- _Task brief_: Take the lines below from the one with "Ghana Outdoor Stamp Sticker" through the one with "Ancor White Triplex" and print only them, exactly. Don't print the pictures.

- _Exercise material_:
================
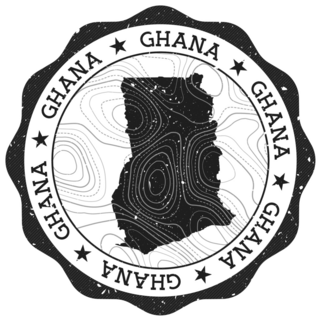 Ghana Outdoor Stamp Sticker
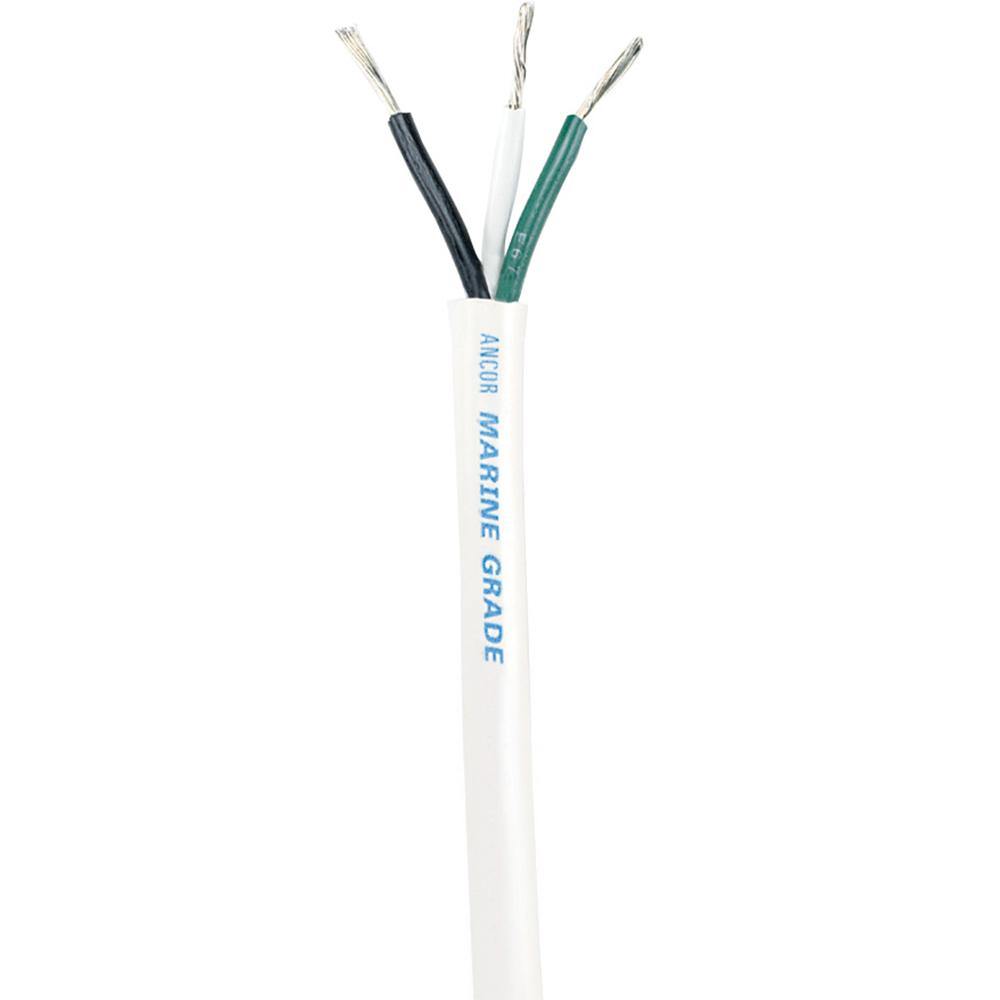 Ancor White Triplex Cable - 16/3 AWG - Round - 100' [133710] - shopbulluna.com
================
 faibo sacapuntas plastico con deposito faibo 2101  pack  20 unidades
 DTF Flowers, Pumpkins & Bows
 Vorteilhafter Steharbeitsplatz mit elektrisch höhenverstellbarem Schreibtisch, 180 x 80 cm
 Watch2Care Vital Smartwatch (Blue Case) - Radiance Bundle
================
- _Reply to the task_:
 Ghana Outdoor Stamp Sticker
 Ancor White Triplex Cable - 16/3 AWG - Round - 100' [133710] - shopbulluna.com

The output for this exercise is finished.